Feliz, en cambio, el alma que se encuentra con un verdadero director espiritual.

A veces y durante muchas generaciones, en una parroquia, en una misión, se continuará el impulso dado por un sacerdote que fue algo más que un mediano administrador de la absolución. Pensemos en el pueblo de Ars, por ejemplo, verdadero foco de vida sobrenatural, que tuvo la suerte de contar con un director celoso, prudente y experimentado.

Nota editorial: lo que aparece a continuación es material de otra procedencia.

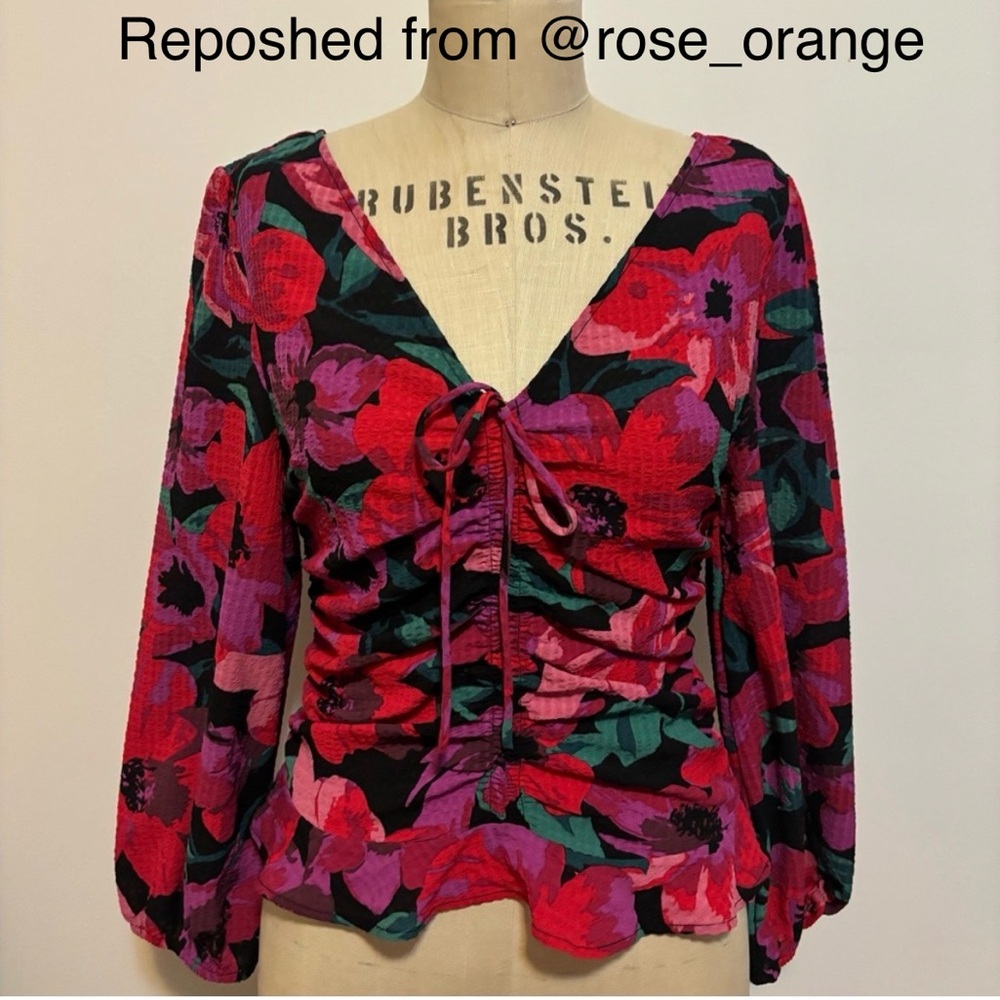 🌹5 for $50🌹Reitmans Floral V-Neck Ruched Blouse-S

En Japón, cerca de Nagasaki, numerosas familias permanecieron cristianas durante generaciones, a lo largo de cuatro siglos, privadas de sacerdotes, cercadas de paganos, en un ambiente de persecución contra el Cristianismo. Durante siglos estos fervorosos cristianos recibían de sus padres no sólo la fe sino también el fervor, el ejemplo de una vida de oración. ¿Cómo pudo suceder esto? Porque San Francisco Javier y los misioneros jesuitas del Japón, no sólo fueron esforzados evangelizadores sino excelente directores de almas.

Si en ciertos seminarios se ha descuidado la dirección espiritual, no nos extrañemos que después muchos de los sacerdotes ejerzan mediocremente su ministerio, por no haber sido orientados a su debido tiempo en el camino de la santidad.

En cambio, muchas comunidades religiosas experimentan una gran renovación espiritual, pasando de de la tibieza al fervor, cuando se someten a la dirección de un padre espiritual experimentado.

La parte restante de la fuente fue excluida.